For a spicy kick, try using a spicy marinara or sprinkle red pepper flakes on top before baking. Don’t forget to garnish with fresh parsley or basil for that finishing touch of color and flavor!
Additional Tips
Prep time: 20 minutes
Cook time: 35 minutes
Total time: 55 minutes
Servings: 4-6
Nutrition: Approximately 480 calories per serving
Drink pairing: A crisp glass of Pinot Grigio or sparkling water with lemon.
Dessert pairing: A light tiramisu or lemon sorbet for a refreshing finish.
Best Easy Italian Stuffed Shells
Equipment
- Large pot
- Mixing bowl
- 9x13-inch baking dish
- Foil
Ingredients
- 12 jumbo pasta shells (about 1/2 box, plus a few extra for breakage)
- 1 cup ricotta cheese
- 1 cup mozzarella cheese (shredded, divided)
- 1/4 cup parmesan cheese (grated)
- 1 large egg
- 1 teaspoon garlic powder
- 1 teaspoon Italian seasoning
- 1/4 teaspoon salt
- 1/4 teaspoon pepper
- 3 cups marinara sauce
- 1 tablespoon olive oil (for greasing the dish)
- Fresh basil or parsley (optional, for garnish)
Instructions
- Preheat your oven to 375°F and lightly grease a 9x13-inch baking dish with olive oil.

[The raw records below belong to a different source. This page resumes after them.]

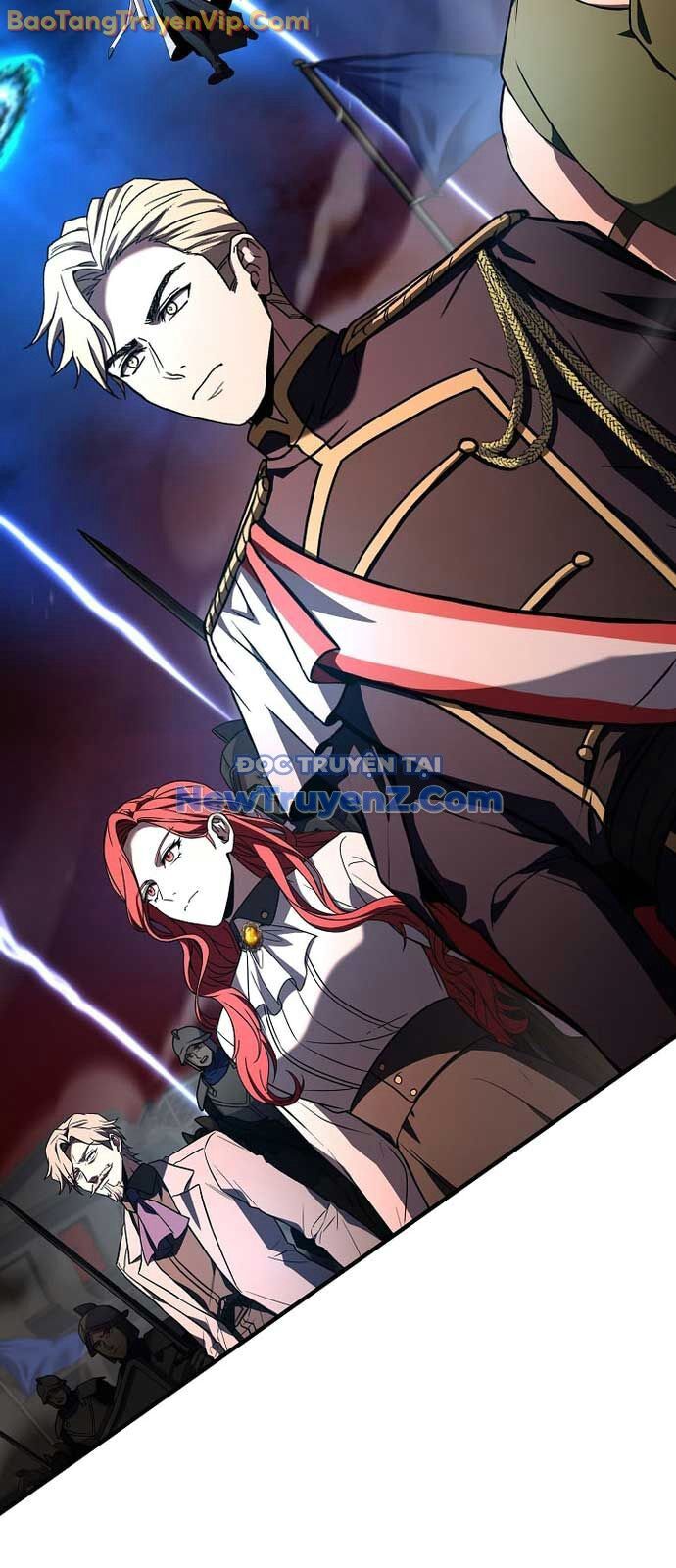 Huyền Thoại Giáo Sĩ Trở Lại - Chapter 174 - Page 31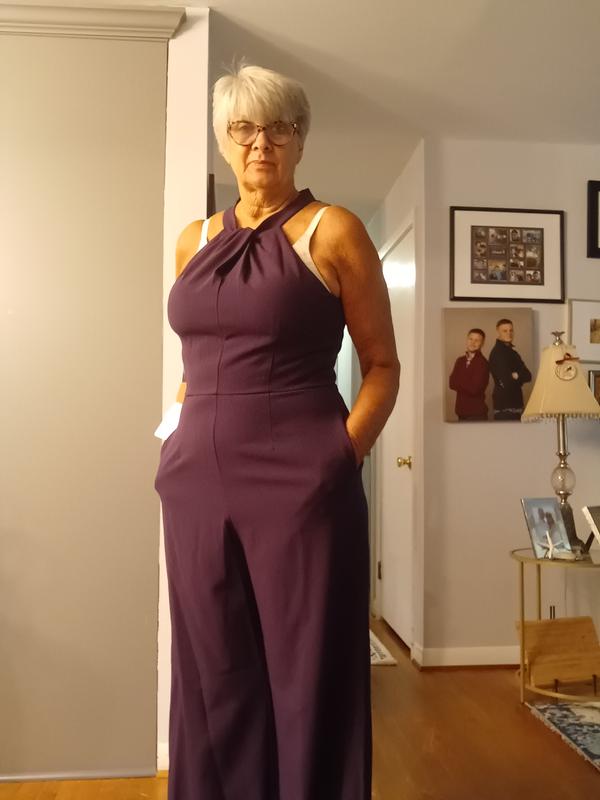Plum perfect jumpsuit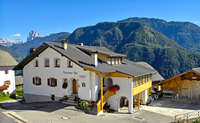 Zehentnerhof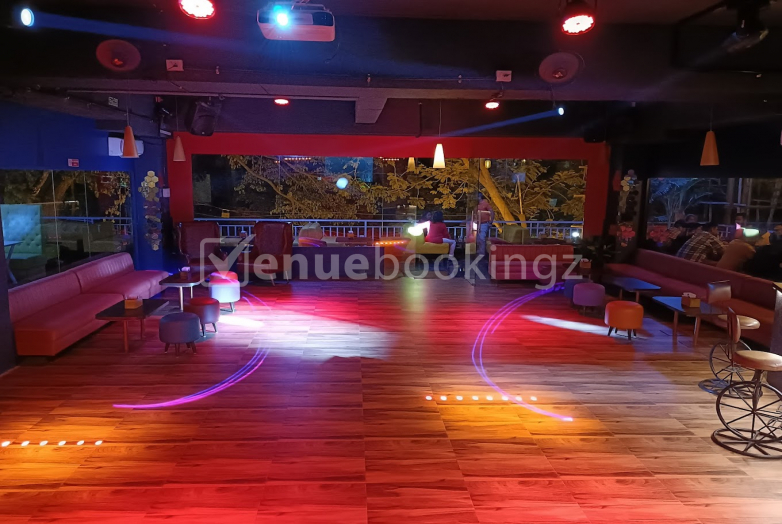 Vesper Bar & Koramangala Bangalore Book Venue for Parties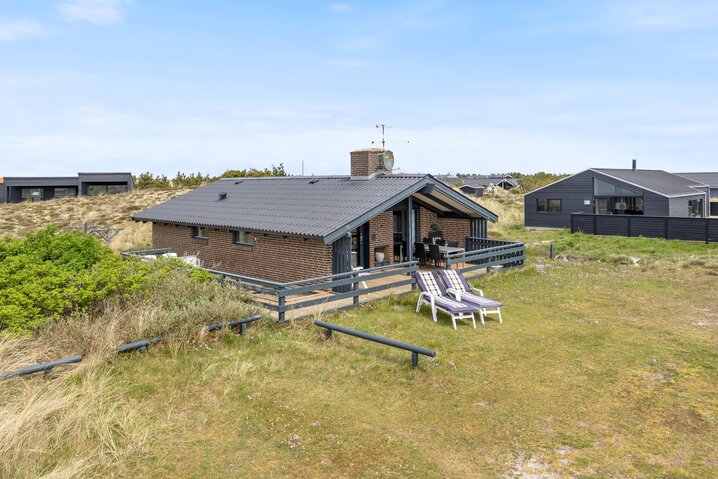 Sommerhus B2366 på Dortheasvej 56, Bjerregård - Billede #23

- Cook jumbo pasta shells in salted boiling water until just shy of al dente. Drain and rinse with cool water to stop the cooking process. Spread them out on a baking sheet to prevent sticking.
- In a mixing bowl, combine ricotta cheese, 3/4 cup of mozzarella, parmesan, egg, garlic powder, Italian seasoning, salt, and pepper. Mix well to combine.
- Spread 1 cup of marinara sauce evenly across the bottom of the baking dish.
- Fill each cooked pasta shell with about 1-2 tablespoons of the cheese mixture and place them in the prepared baking dish.
- Top the stuffed shells with the remaining marinara sauce, then sprinkle the remaining mozzarella cheese on top.
- Cover the dish with foil and bake in the preheated oven for 25 minutes. Remove the foil and bake for an additional 10 minutes, or until the cheese is bubbly and slightly golden.
- Garnish with fresh basil or parsley if desired, and serve hot.